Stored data
*** Begin section ***

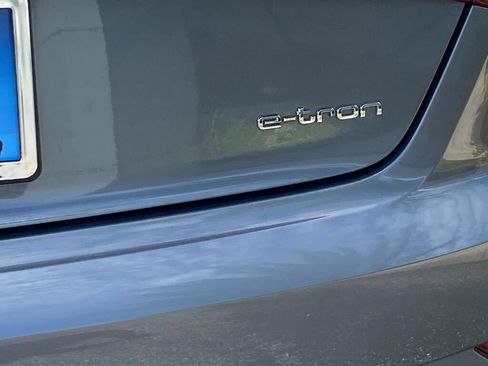 Used 2017 Audi A3 e-tron Premium image 12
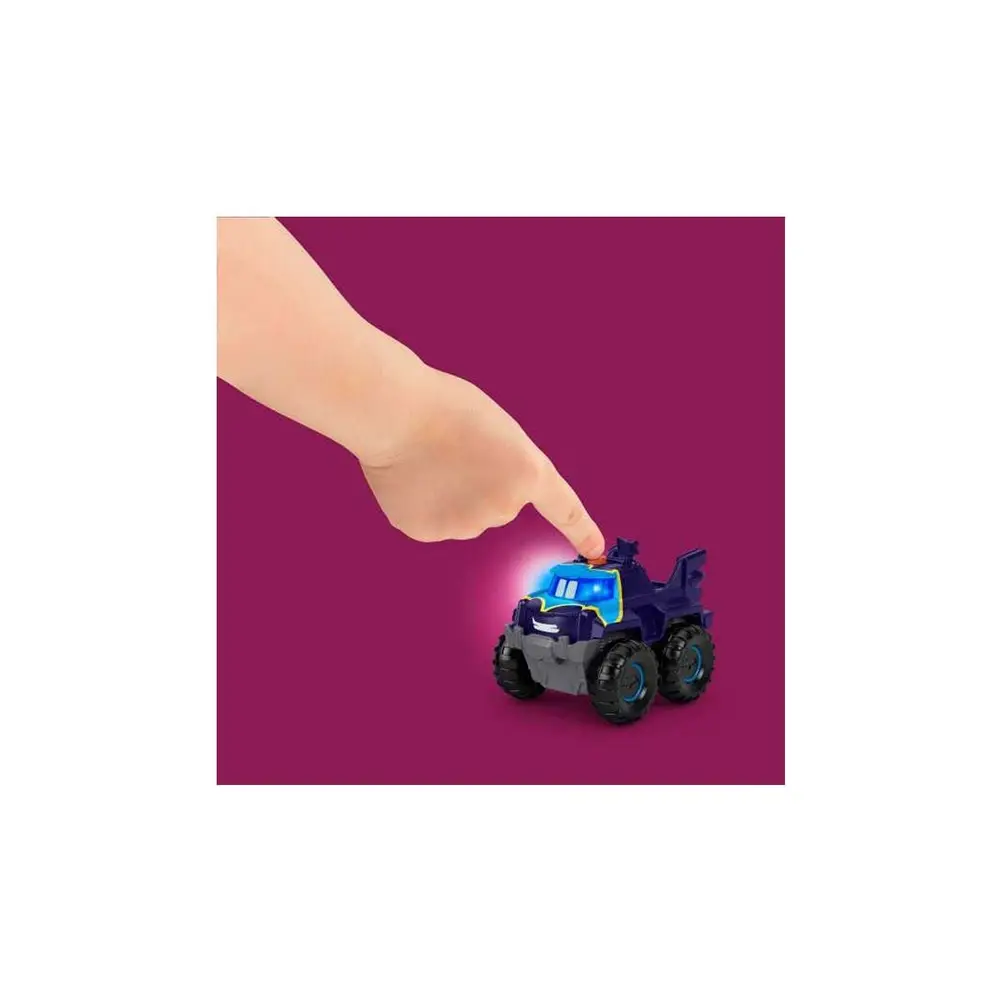 L25 Fisher-Price® Batwheels™ Işıklı Yarışçılar 4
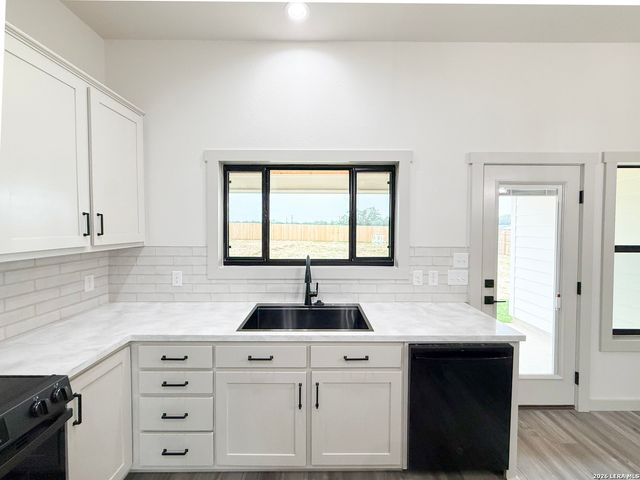 1206 DEVINE DR, Devine, TX 78016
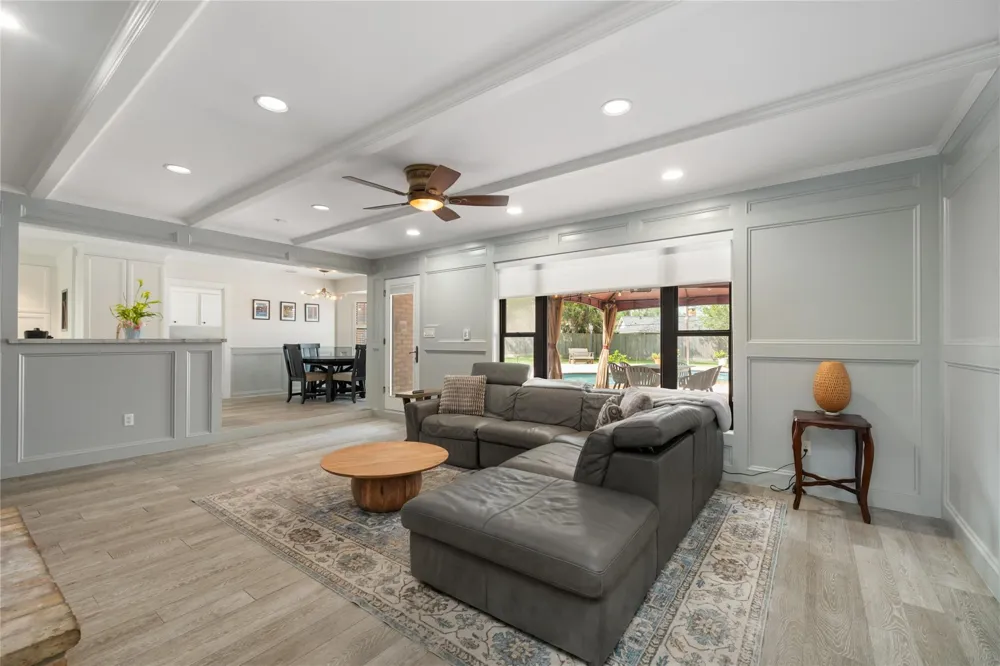 2030 Willowmoss Court Houston, TX 77008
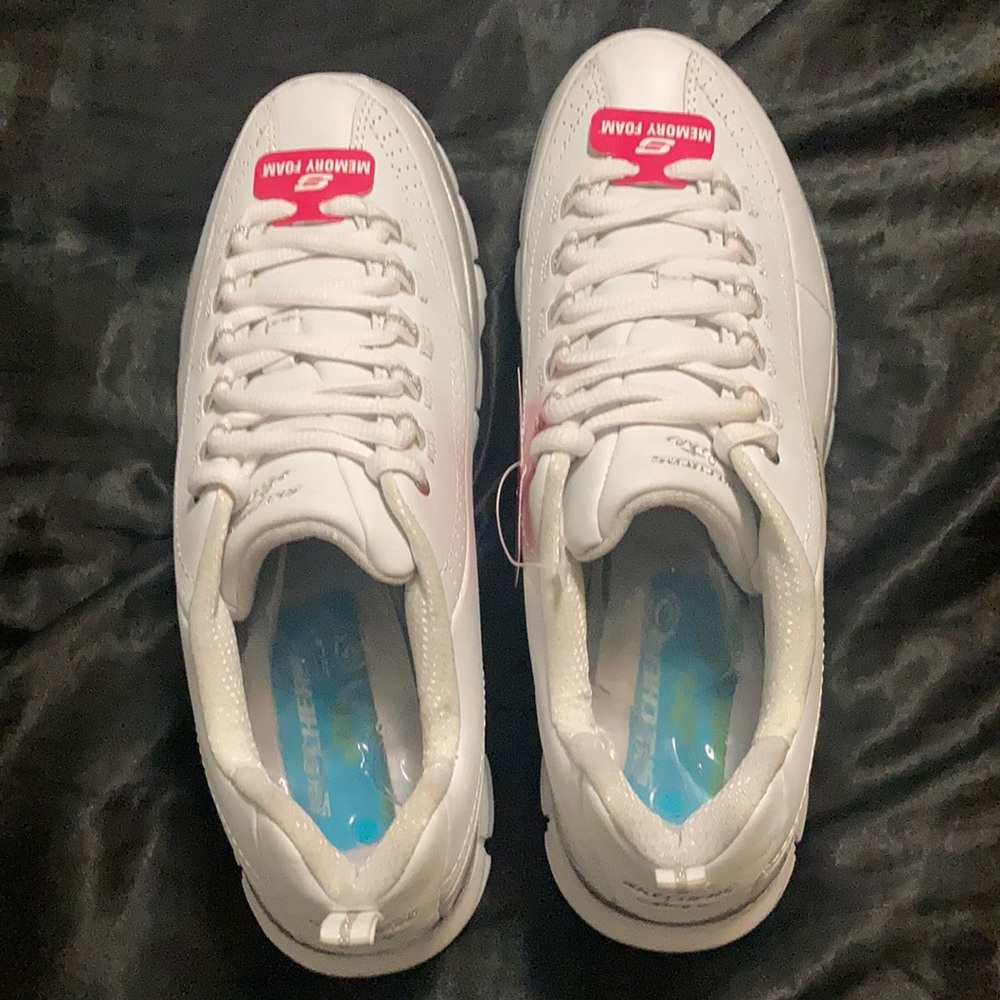COPY - Woman White Skecher Memory Foam Size 10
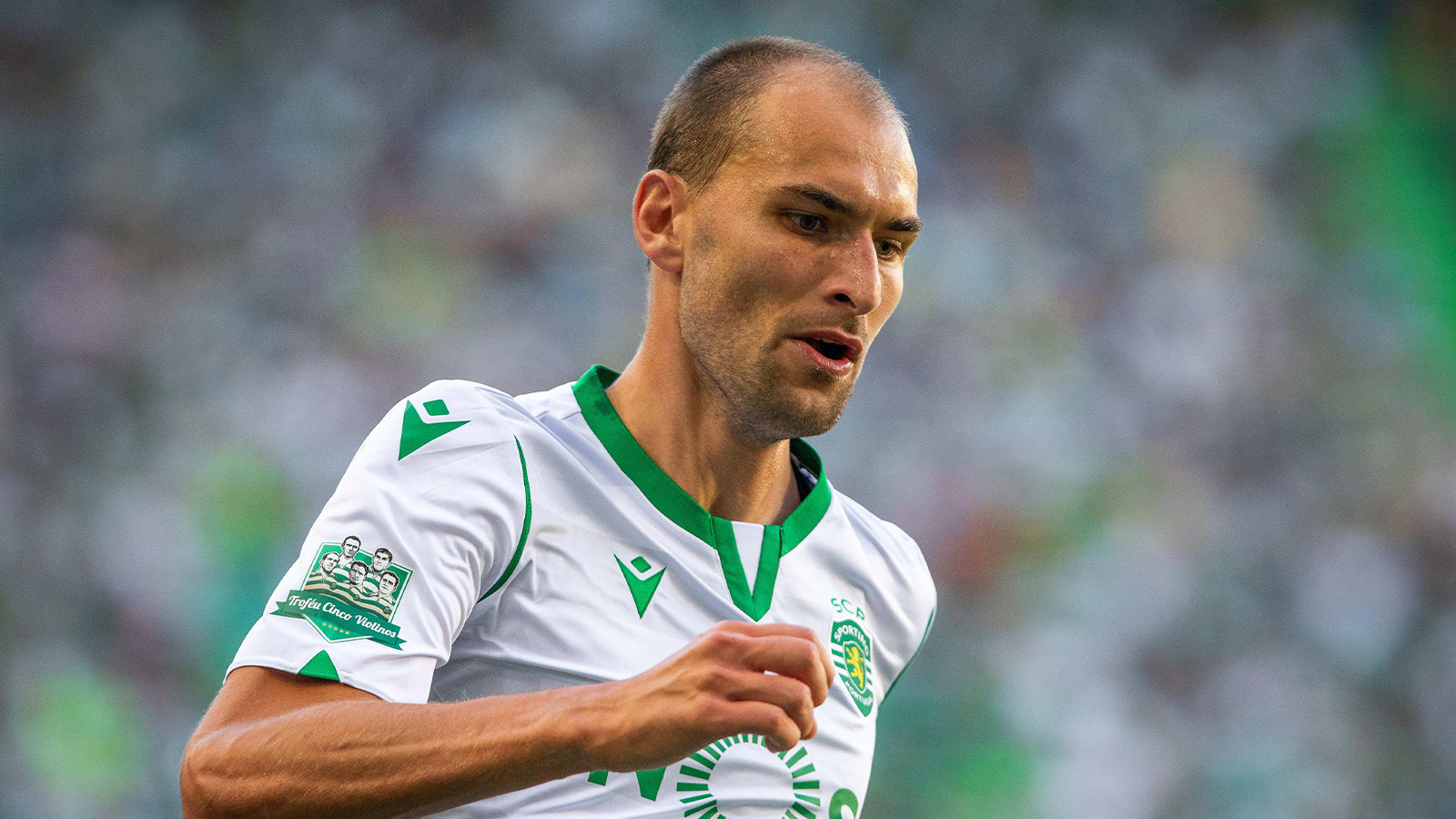 Bas Dost avslutar karriären: ”Vill inte chansa med sitt liv”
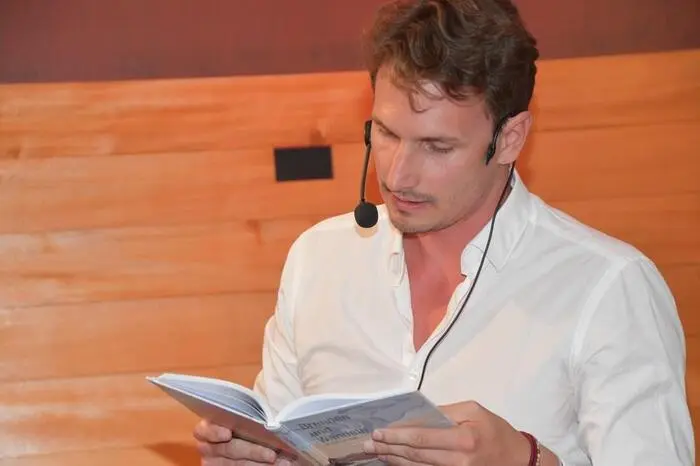 Das Aufarbeiten dieser schrecklichen Momente – unter anderem mit Weitwandern – ist in diesem Werk beschrieben. Neben Herbert Fritz lasen seine Söhne Ferdinand und Rainer Passagen aus dem Buch.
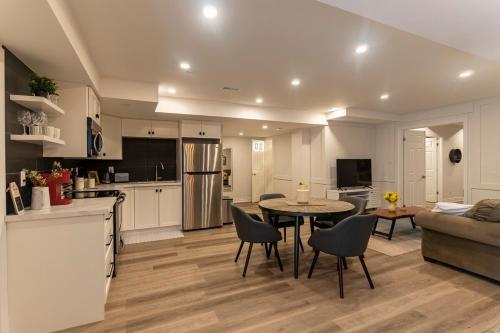 Η κουζίνα ή μικρή κουζίνα στο Luxurious and Spacious Apartment with 2 bedrooms and 2 Baths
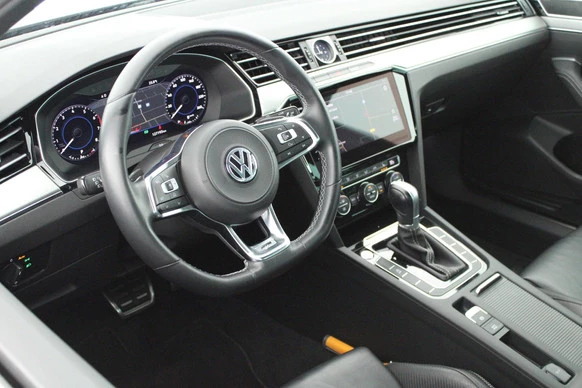 Volkswagen Passat - Afbeelding 3 van 30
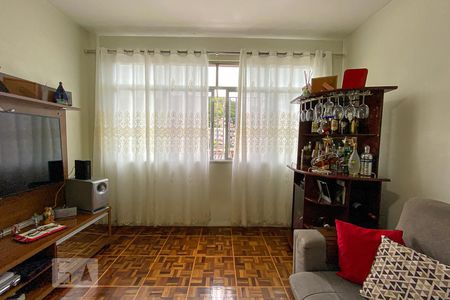 Sala de apartamento para alugar com 3 quartos, 93m² em Penha Circular, Rio de Janeiro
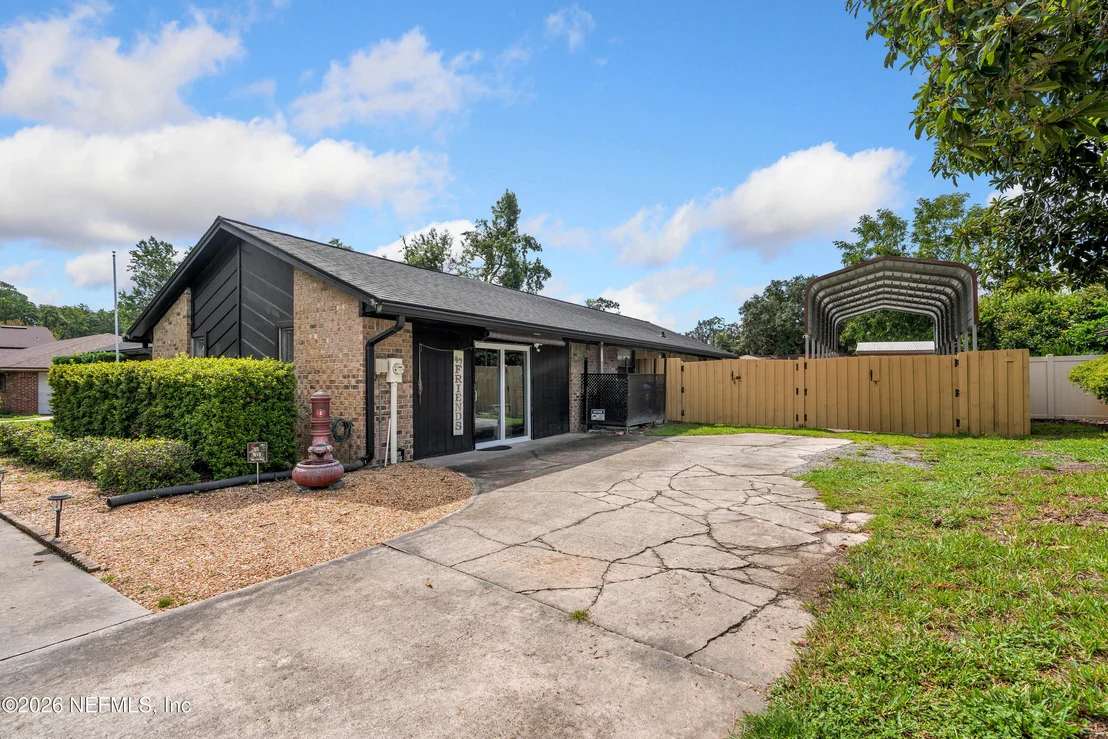 Photo of 746 WINFRED Place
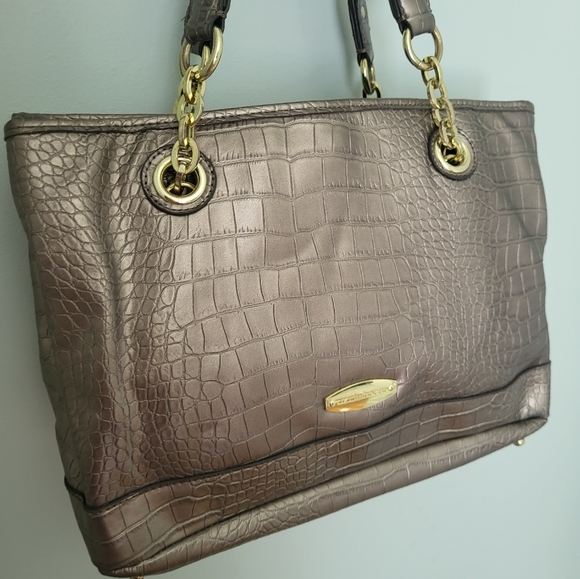 Liz Claiborne Metallic Taupe Gold Faux Alligator Embossed Shoulder Bag Purse - Picture 3 of 16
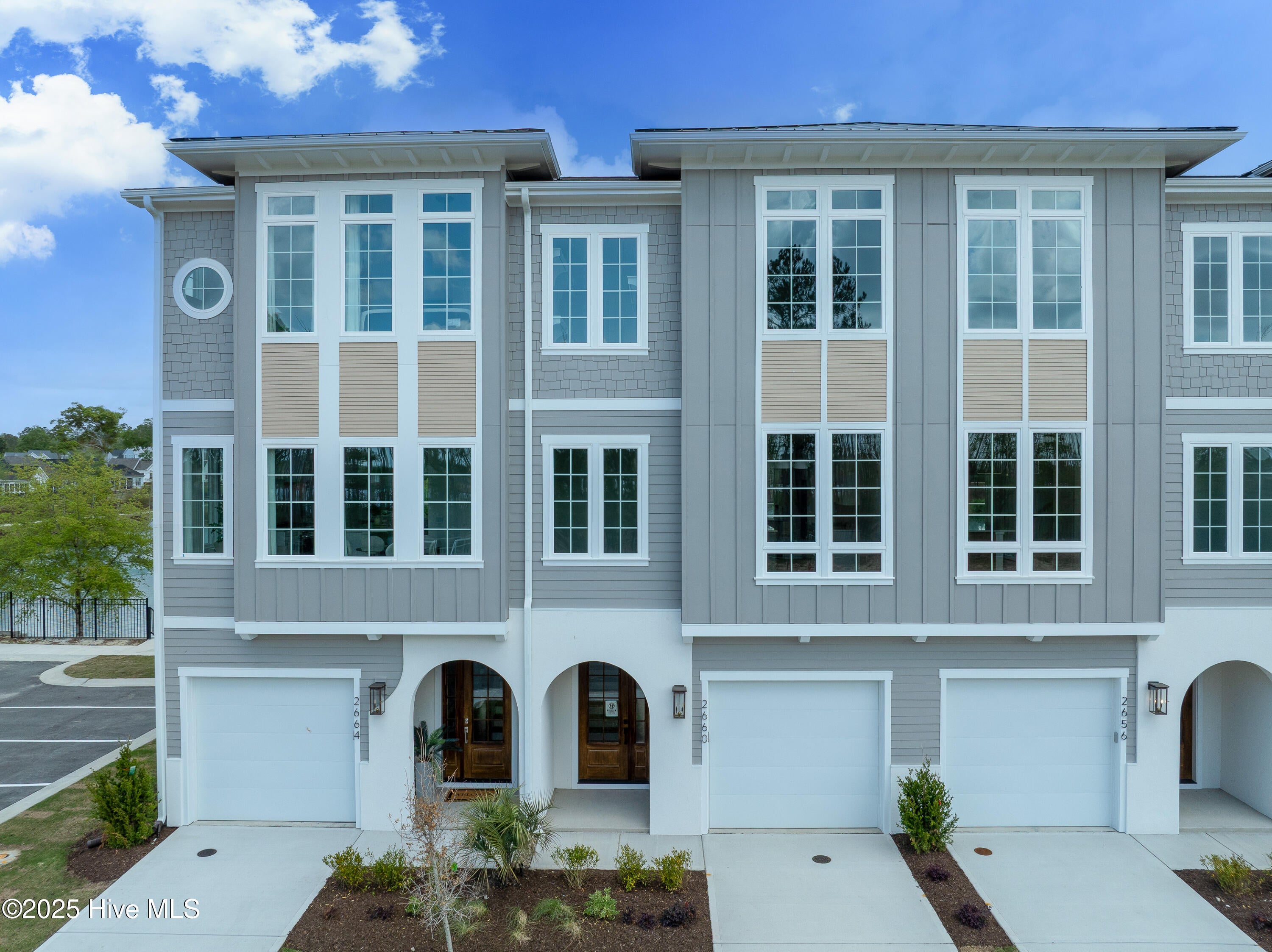 2660 Alvernia Drive — photo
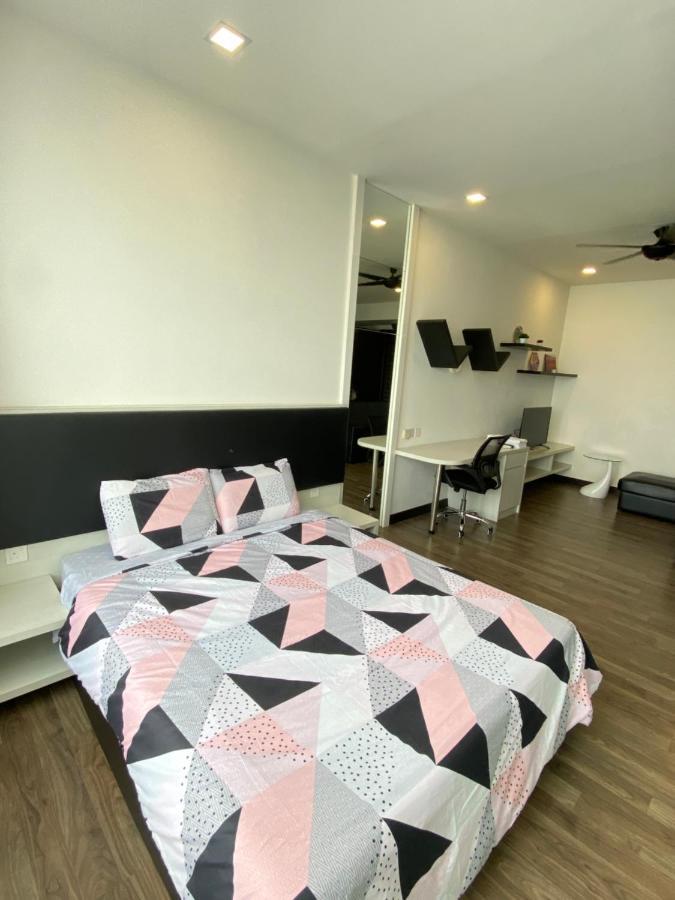 קאג'אנג Landmark Residence 2, Studio For 2 Pax, High Floor, Nice View, Free Parking, Budget Stay מראה חיצוני תמונה
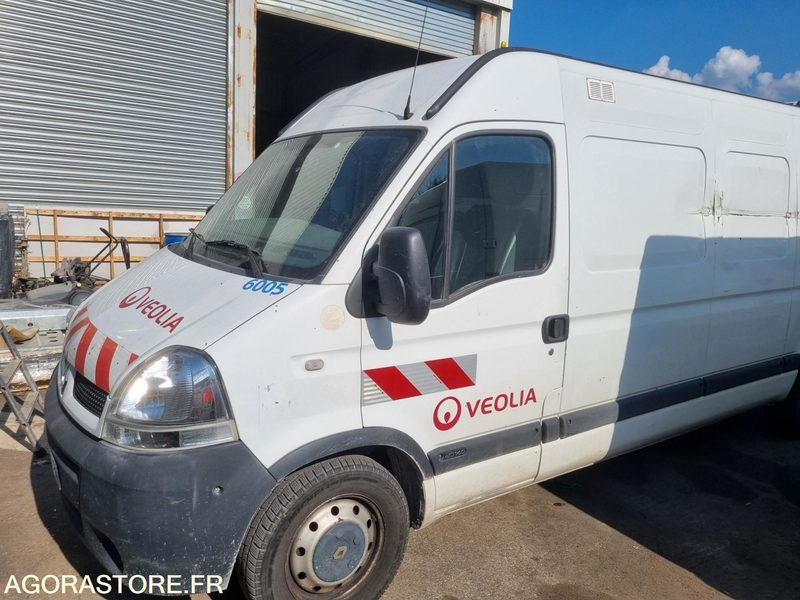 RENAULT MASTER FOURGON de 2005 - 253000 km (R3B246) - Furgón: foto 2 RENAULT MASTER FOURGON de 2005 - 253000 km (R3B246) - Furgón: foto 2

*** End section ***

Retype precisely, and only, the lines from the one holding "COPY - Woman" through the final line of the data above, with the pictures omitted.

COPY - Woman White Skecher Memory Foam Size 10
 Bas Dost avslutar karriären: ”Vill inte chansa med sitt liv”
 Das Aufarbeiten dieser schrecklichen Momente – unter anderem mit Weitwandern – ist in diesem Werk beschrieben. Neben Herbert Fritz lasen seine Söhne Ferdinand und Rainer Passagen aus dem Buch.
 Η κουζίνα ή μικρή κουζίνα στο Luxurious and Spacious Apartment with 2 bedrooms and 2 Baths
 Volkswagen Passat - Afbeelding 3 van 30
 Sala de apartamento para alugar com 3 quartos, 93m² em Penha Circular, Rio de Janeiro
 Photo of 746 WINFRED Place
 Liz Claiborne Metallic Taupe Gold Faux Alligator Embossed Shoulder Bag Purse - Picture 3 of 16
 2660 Alvernia Drive — photo
 קאג'אנג Landmark Residence 2, Studio For 2 Pax, High Floor, Nice View, Free Parking, Budget Stay מראה חיצוני תמונה
 RENAULT MASTER FOURGON de 2005 - 253000 km (R3B246) - Furgón: foto 2 RENAULT MASTER FOURGON de 2005 - 253000 km (R3B246) - Furgón: foto 2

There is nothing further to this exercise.